Efeler Belediyesi'nde sendika temsilcileri, yasal olmayan eylemlerle işçileri mağdur etti. Maaş krizinin perde arkası ve hukuki sonuçlar merak konusu.
Efeler Belediyesi Park, Bahçeler ve Temizlik İşleri çalışanlarının şubat ayı maaşlarının eksik yatırıldığı gerekçesiyle, DİSK-İş Sendika Başkanı tarafından yasal olmadığı hâlde iş yeri temsilcileriyle birlikte çalışanların şantiyeden çıkışlarının engellendiği, çıkmak isteyenlerin ise sendika temsilcileri tarafından tehdit ve hakarete maruz kaldığı iddia ediliyor.
Bazı çalışanların, sendika aracılığıyla toplu iş sözleşmesinden kaynaklanan gecikmiş alacaklarının ödenmediği gerekçesiyle Çalışma ve Sosyal Güvenlik Müdürlüğü'ne şikâyette bulunduğu, bu nedenle Efeler Belediyesi'nin 20 milyon TL ceza ile karşı karşıya kaldığı belirtiliyor.
Ayrıca, geçmiş alacakların tahsili için icra başvurusu yapıldığı ve bu süreçte Efe-Bel şirket yöneticileri ile Belediye Başkanı'nın makam odasındaki mobilyalara haciz işlemi uygulandığı iddialar arasında.
15 Şubat’tan bir hafta önce, Efeler Belediye Başkanı Anıl Yetişkin’in sendika temsilcileriyle yaptığı görüşmede, şubat ayı maaş ödemelerinde kısmi gecikme yaşanabileceğini ve bu durumun Çalışma ve Sosyal Güvenlik Müdürlüğü’nden gelecek yanıta bağlı olduğunu kendilerine ilettiği ortaya çıktı.
Efeler Belediyesi'nin, Fatih Atay döneminden kalan SGK prim ve vergi borçları nedeniyle 36 ay taksitlendirme talep ettiği ancak bu sürenin 4 ayla sınırlandırıldığı, İller Bankası'ndan gelen paydan ocak ayında 32 milyon TL, şubat ayında ise 22 milyon TL kesinti yapılmasının ödeme takvimini zorlaştırdığı, bu durumun sendika temsilcileriyle paylaşıldığı ortaya çıktı.

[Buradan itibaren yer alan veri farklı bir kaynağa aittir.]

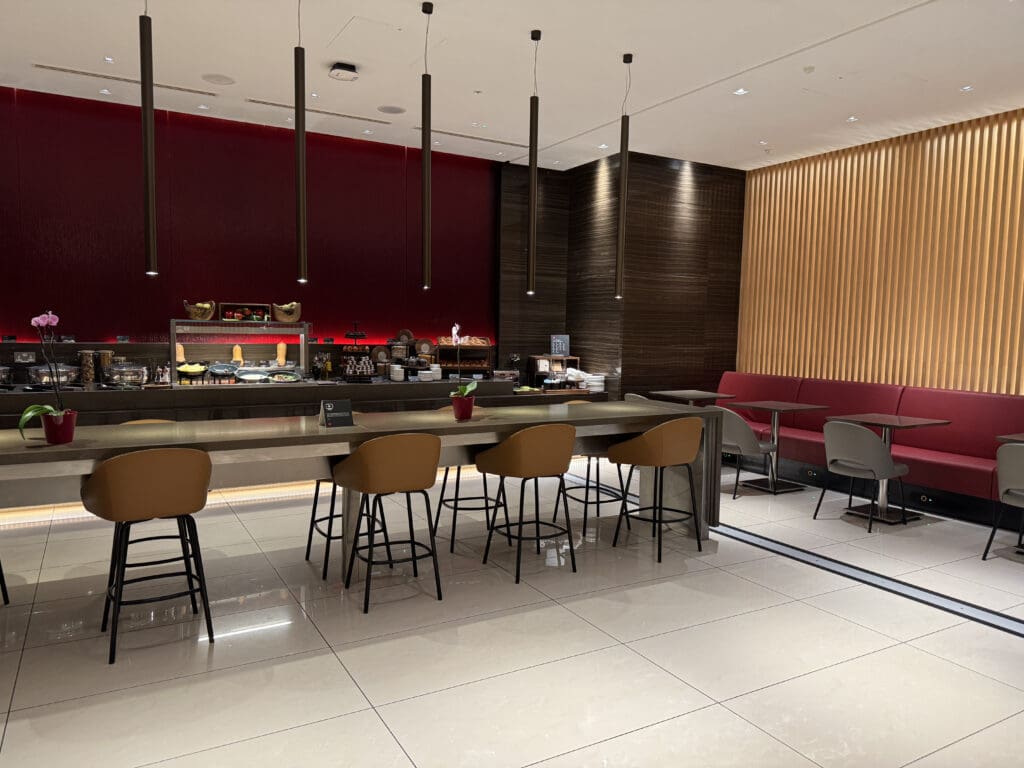 a room with a long table and chairs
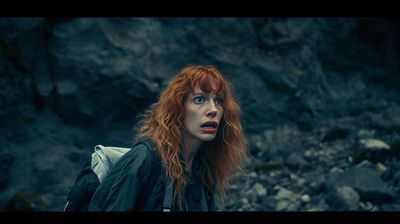 a woman with red hair standing in front of a mountain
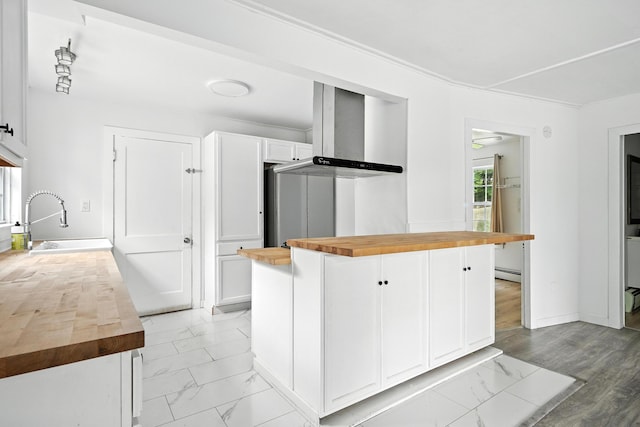 3 Gedney St, Augusta, ME 04330 - kitchen with butcher block countertops, wall chimney range hood, white cabinetry, baseboard heating, and light marble finish floors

Çalışma ve Sosyal Güvenlik Müdürlüğü’ne yapılan şikâyet sonucu 20 milyon TL ceza ödememek için çalışanların geçmiş alacaklarının bir kısmını (21 milyon TL) ödeme kararı alan Efeler Belediyesi, şubat maaşlarını eksik olarak cumartesi gecesi çalışanların banka hesaplarına yatırdı. Ancak cumartesi sabahı mesaiye gelen işçilerin, sendika temsilcileri tarafından şantiyeden ayrılmalarına izin verilmediği ve Sendika başkanının saat 07.30’da Kocagür Şantiyesi’ne gelerek, “Grev Pankartı” açtırmasının, önceden planlanmış bir eylem olduğunu gösterdi.
Sendika yetkililerinin, uzlaşma yerine yasadışı bir eylem kararı alarak çalışanların “Grev Pankartı” açmaları, iyi niyetten uzak olduklarını göstermiştir.

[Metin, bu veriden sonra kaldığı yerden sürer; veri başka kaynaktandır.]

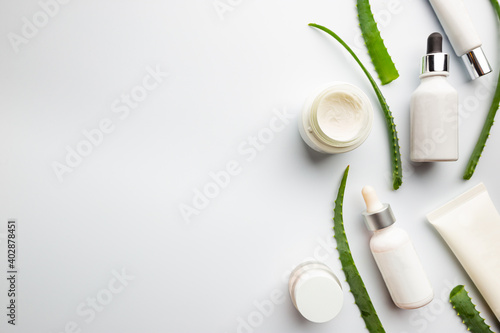 Aloe vera plant and Natural skincare beauty product. Cosmetic bottle and containers on white background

Oysa sendikanın grev kararı alabilmesi için valilik onayı alması ve bu onayın işverene tebliğ edilmesinin ardından uygulanması gerektiği bilinmesine rağmen, iş yerinde müzik eşliğinde halay çekilerek “Grev Pankartı” açılması çalışanları riske attığı ve bu davranışın işverene, İş Kanunu’nun 34. maddesi gereğince çalışanları tazminatsız olarak işten çıkarma hakkı doğurduğu ortaya çıktı.
İŞ KANUNU MADDE 34:
“Ücreti, ödeme gününden itibaren yirmi gün içinde mücbir bir neden dışında ödenmeyen işçi, iş görme borcunu yerine getirmekten kaçınabilir. Bu nedenle, kişisel kararlarına dayanarak iş görme borcunu yerine getirmemeleri toplu bir nitelik kazansa bile grev olarak nitelendirilemez.”
Yapılan bu yasa dışı ve kasıtlı eylemin, çalışanlar hakkında disiplin işlemi uygulanmasına neden olduğu belirtiliyor. Disiplin kurulunun nasıl bir karar vereceği önümüzdeki günlerde netlik kazanacak.
Her zaman olduğu gibi, takdir okuyucularındır.